- [EXERCISE OBJECTIVE] Reproduce the listing below word for word, with no pictures.

- [GIVEN MATERIAL]
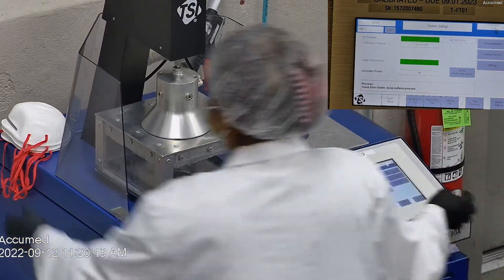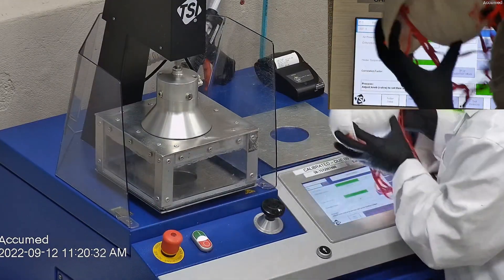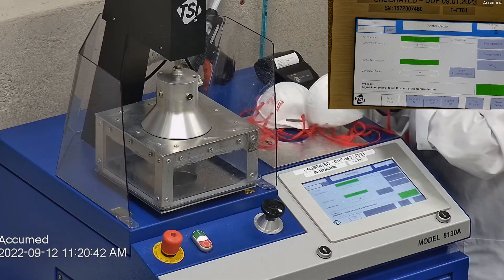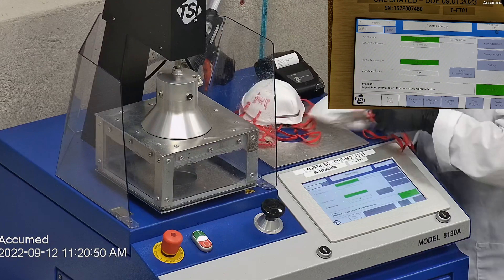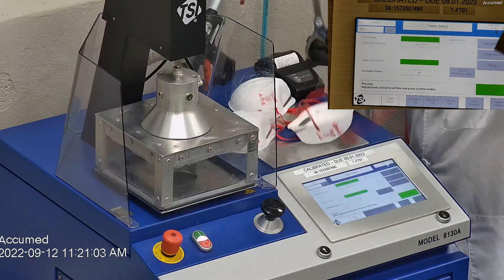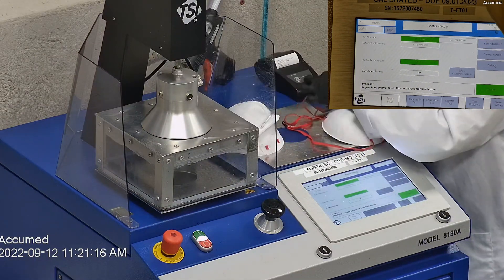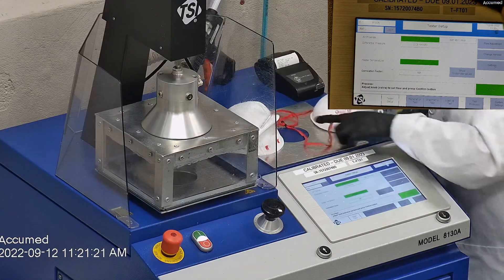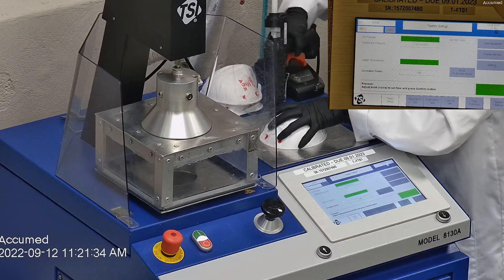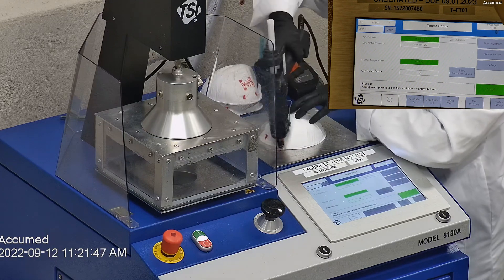This is our TSI machine model 8130A, which is also the same filtration testing machine that NIOSH uses to approve N95 respirators. Our procedure is also inspired by NIOSH. We first run a tester setup and start removing the headband from the respirator before placing it onto the testing plate to ensure a proper seal. Then we make sure that the mask is properly and completely sealed with glue to the testing plate. When applying the hot melt glue we make sure that there are no holes or leakage around the seal to ensure accurate results.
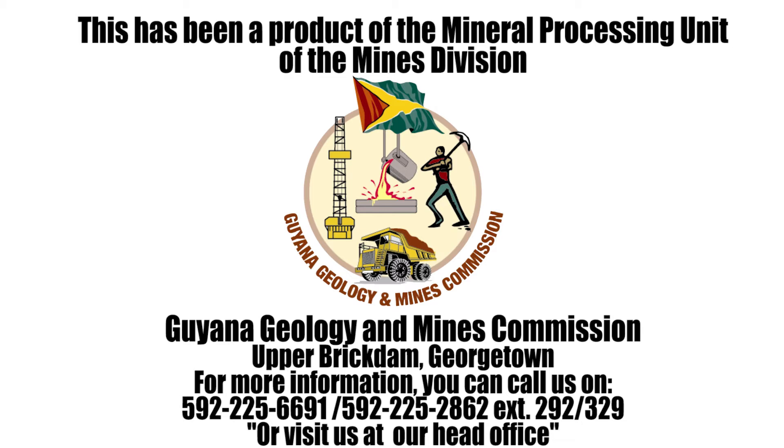Georgetown. For more information, you can call us on 592-225-6691 or 592-225-2862, extensions 292 or 329, or visit us at our head office.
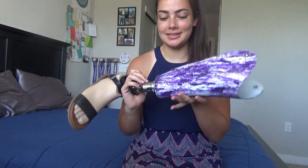Hey guys, I am back and first off, look at how pretty my new leg is.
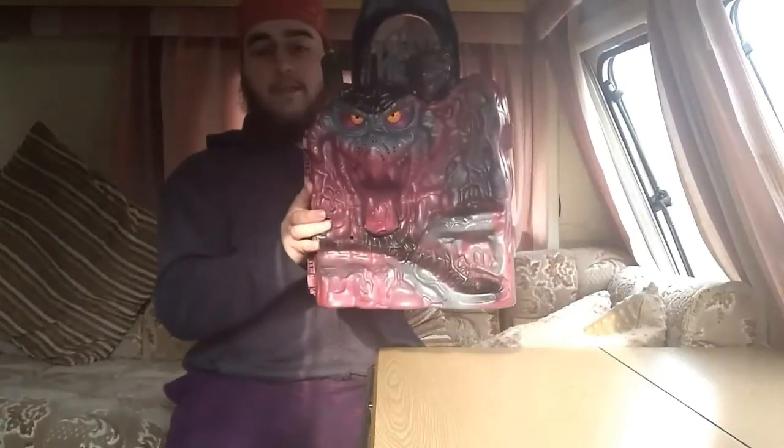Hey guys, I'm Will and this is Will's Toy Clearance. Today I'll be reviewing Snake Mountain.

- [EXERCISE RESPONSE]
This is our TSI machine model 8130A, which is also the same filtration testing machine that NIOSH uses to approve N95 respirators. Our procedure is also inspired by NIOSH. We first run a tester setup and start removing the headband from the respirator before placing it onto the testing plate to ensure a proper seal. Then we make sure that the mask is properly and completely sealed with glue to the testing plate. When applying the hot melt glue we make sure that there are no holes or leakage around the seal to ensure accurate results.
Georgetown. For more information, you can call us on 592-225-6691 or 592-225-2862, extensions 292 or 329, or visit us at our head office.
Hey guys, I am back and first off, look at how pretty my new leg is.
Hey guys, I'm Will and this is Will's Toy Clearance. Today I'll be reviewing Snake Mountain.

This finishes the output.